== Given information ==
+ + + +
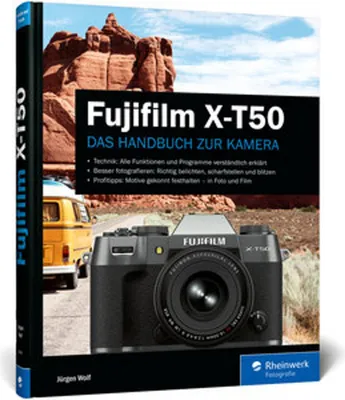 Image de Fujifilm X-T50
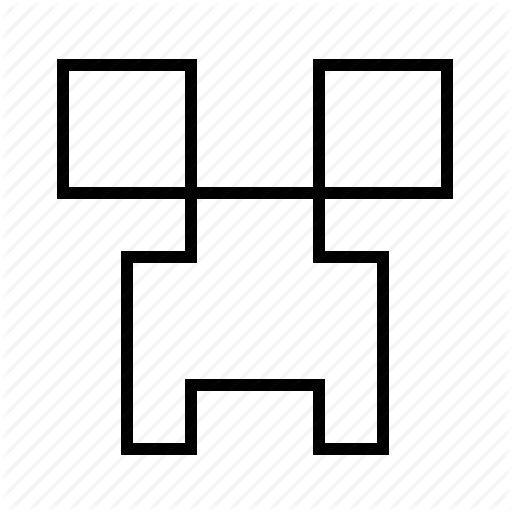 512x512 Free Collection Of Minecraft Explosion Png Download Transparent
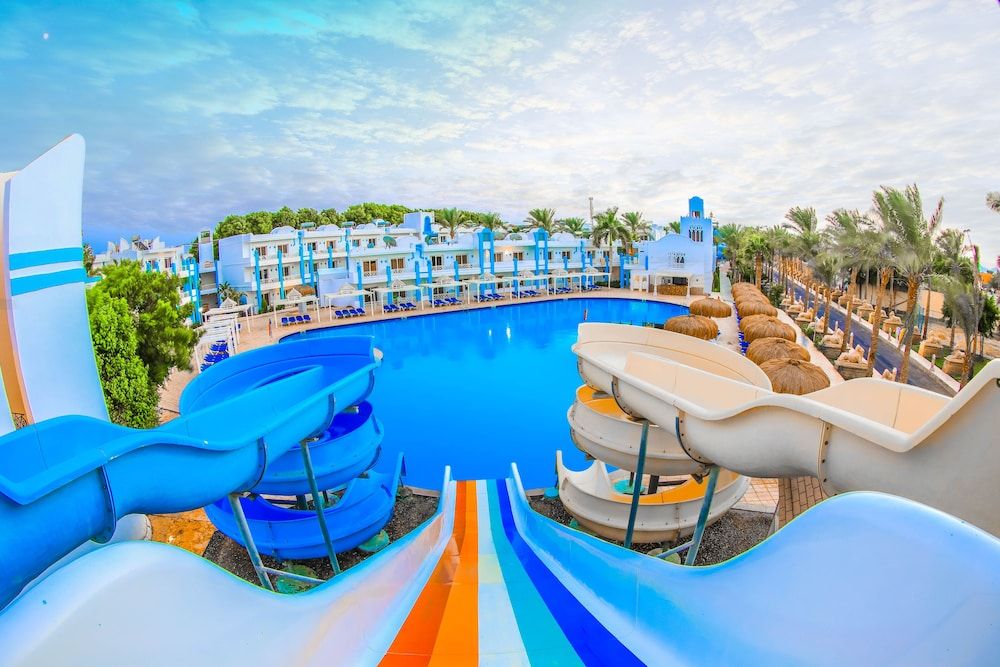 Mirage Bay Resort & Aqua Park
+ + + +
== Work required ==
A verbatim retyping of the listing, without any pictures, is the expected answer.

== Solved exercise ==
 Image de Fujifilm X-T50
 512x512 Free Collection Of Minecraft Explosion Png Download Transparent
 Mirage Bay Resort & Aqua Park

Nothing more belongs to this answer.